*ACTIVITY*
Below are some records. Retype exactly the lines from the one containing "Dilarang COPAS - situs" through the one containing "魔法少女波琪今年78歲 第02話 福喜｜波琪首戰！ 第142页", both included, skipping every picture.

*EXTRACTED ENTRIES*
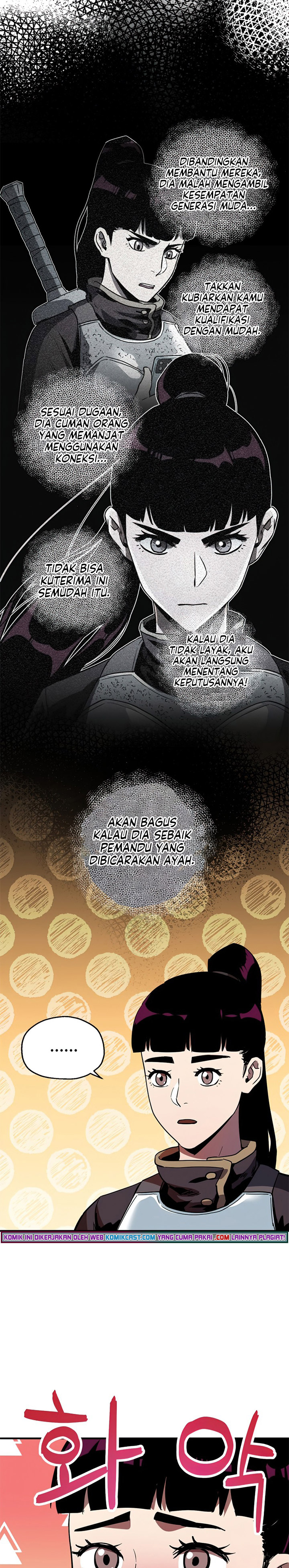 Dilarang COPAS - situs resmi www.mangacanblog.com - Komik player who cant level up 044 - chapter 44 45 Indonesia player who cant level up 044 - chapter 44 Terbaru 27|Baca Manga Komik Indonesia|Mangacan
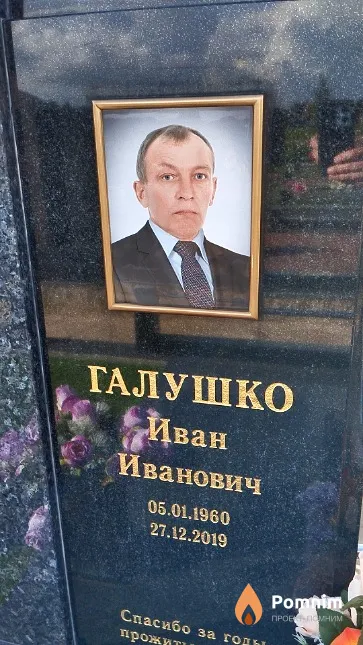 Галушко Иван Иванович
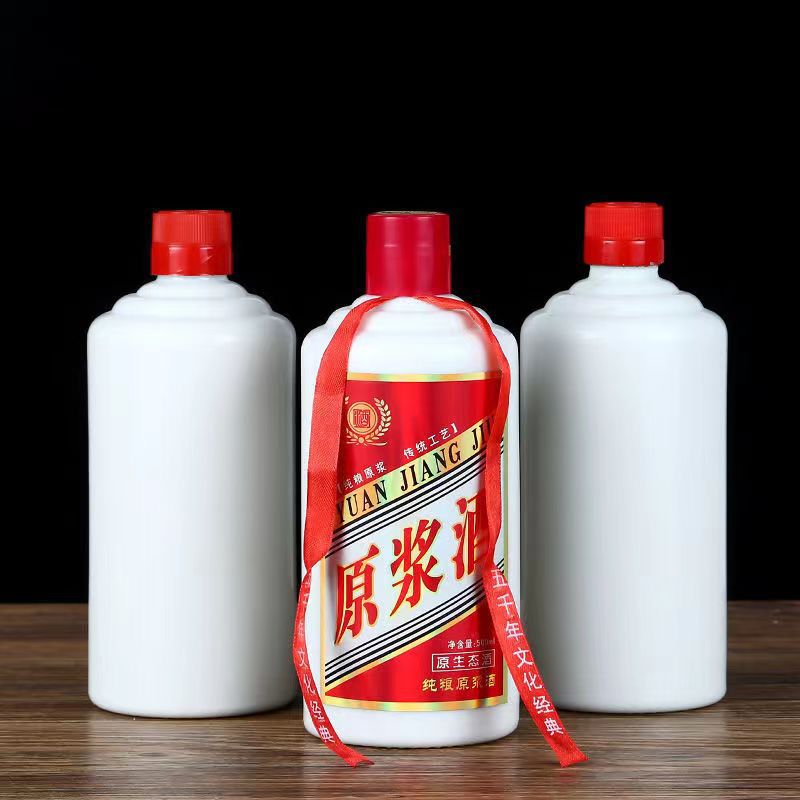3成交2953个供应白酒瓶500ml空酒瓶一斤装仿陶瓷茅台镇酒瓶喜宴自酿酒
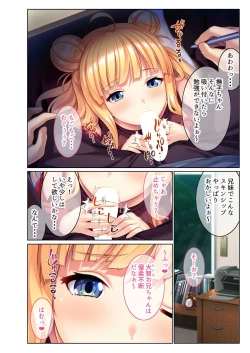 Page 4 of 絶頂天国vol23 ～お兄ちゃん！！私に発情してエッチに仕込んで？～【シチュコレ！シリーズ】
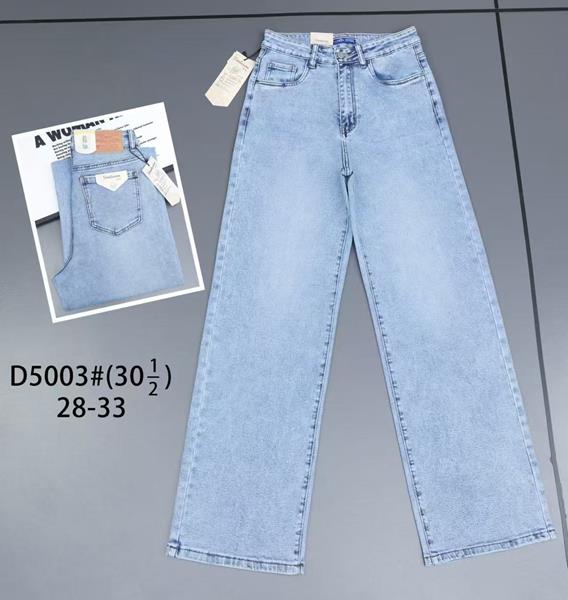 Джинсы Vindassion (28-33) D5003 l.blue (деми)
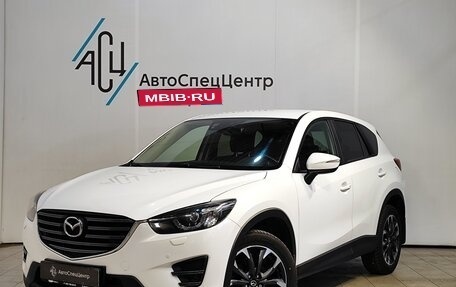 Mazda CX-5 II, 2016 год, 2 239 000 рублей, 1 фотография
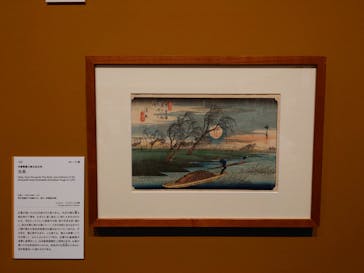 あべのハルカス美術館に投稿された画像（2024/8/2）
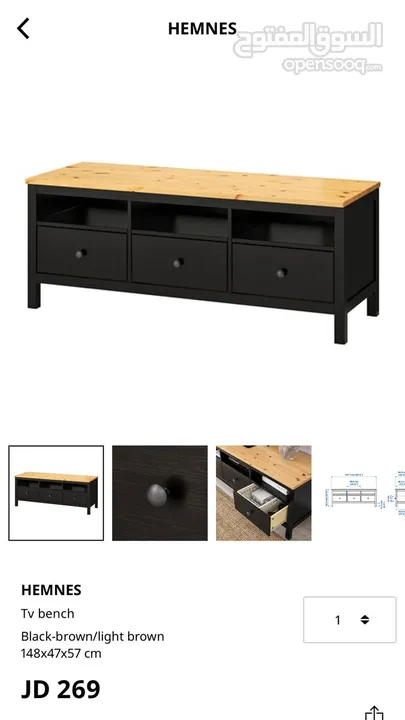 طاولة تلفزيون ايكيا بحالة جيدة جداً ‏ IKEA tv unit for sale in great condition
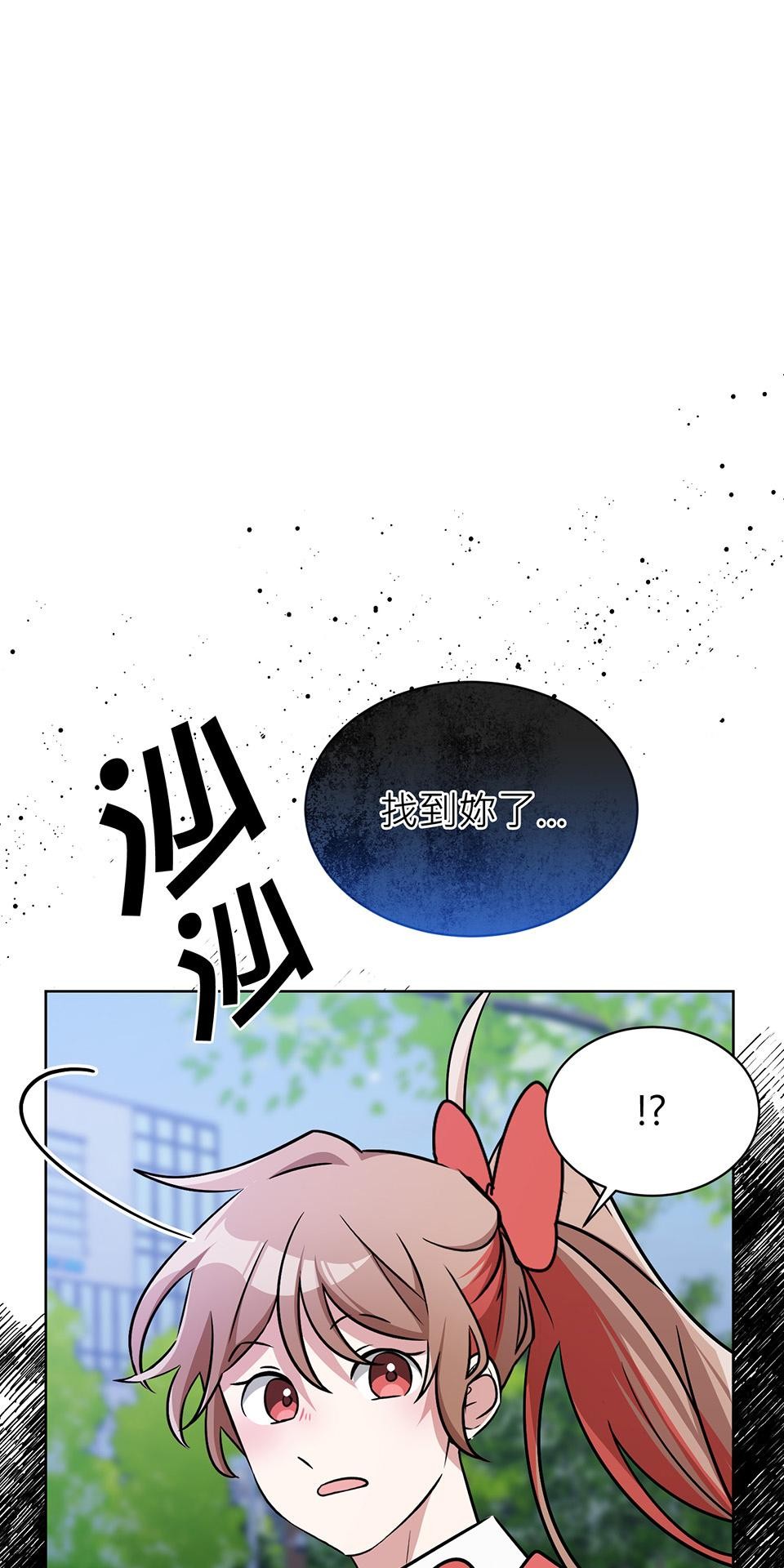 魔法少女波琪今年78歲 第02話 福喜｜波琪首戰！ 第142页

--

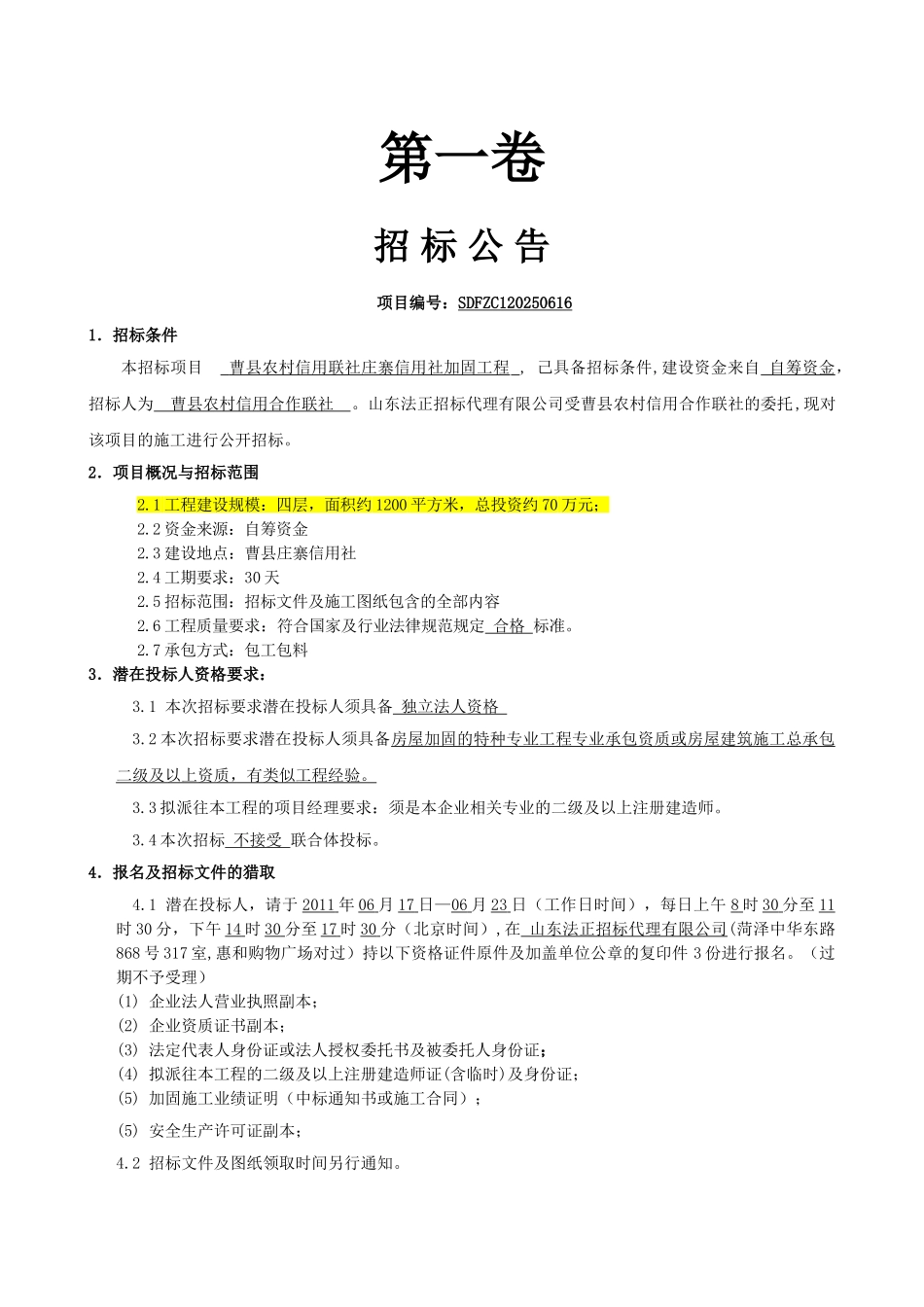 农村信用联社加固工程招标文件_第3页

--

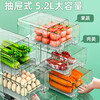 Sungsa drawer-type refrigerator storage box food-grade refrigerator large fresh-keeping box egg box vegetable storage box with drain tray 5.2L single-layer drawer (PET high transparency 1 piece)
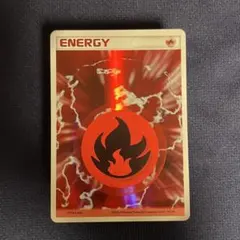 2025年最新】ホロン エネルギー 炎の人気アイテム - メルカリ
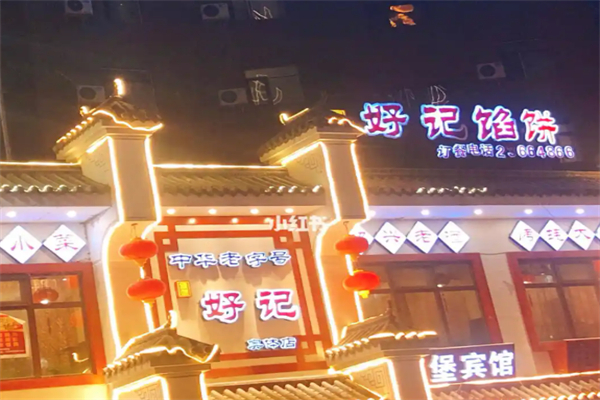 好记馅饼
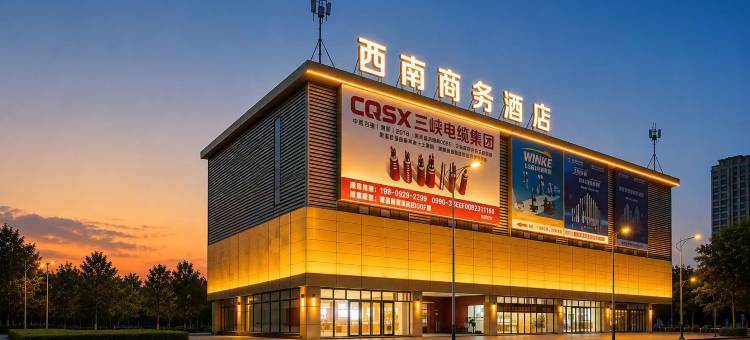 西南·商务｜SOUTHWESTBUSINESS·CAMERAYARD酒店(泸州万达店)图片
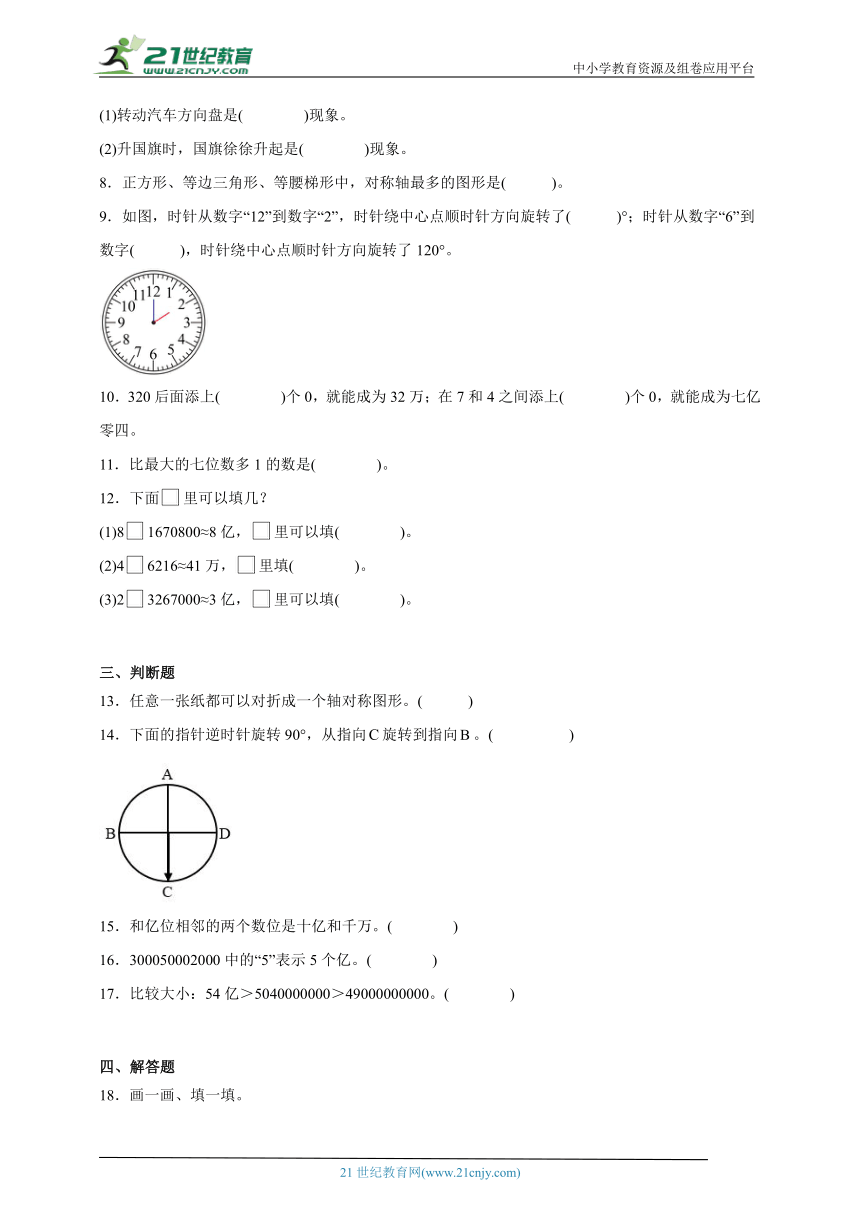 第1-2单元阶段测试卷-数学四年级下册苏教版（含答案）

*ANSWER FOR THIS EXERCISE*
 Dilarang COPAS - situs resmi www.mangacanblog.com - Komik player who cant level up 044 - chapter 44 45 Indonesia player who cant level up 044 - chapter 44 Terbaru 27|Baca Manga Komik Indonesia|Mangacan
 Галушко Иван Иванович
3成交2953个供应白酒瓶500ml空酒瓶一斤装仿陶瓷茅台镇酒瓶喜宴自酿酒
 Page 4 of 絶頂天国vol23 ～お兄ちゃん！！私に発情してエッチに仕込んで？～【シチュコレ！シリーズ】
 Джинсы Vindassion (28-33) D5003 l.blue (деми)
 Mazda CX-5 II, 2016 год, 2 239 000 рублей, 1 фотография
 あべのハルカス美術館に投稿された画像（2024/8/2）
 طاولة تلفزيون ايكيا بحالة جيدة جداً ‏ IKEA tv unit for sale in great condition
 魔法少女波琪今年78歲 第02話 福喜｜波琪首戰！ 第142页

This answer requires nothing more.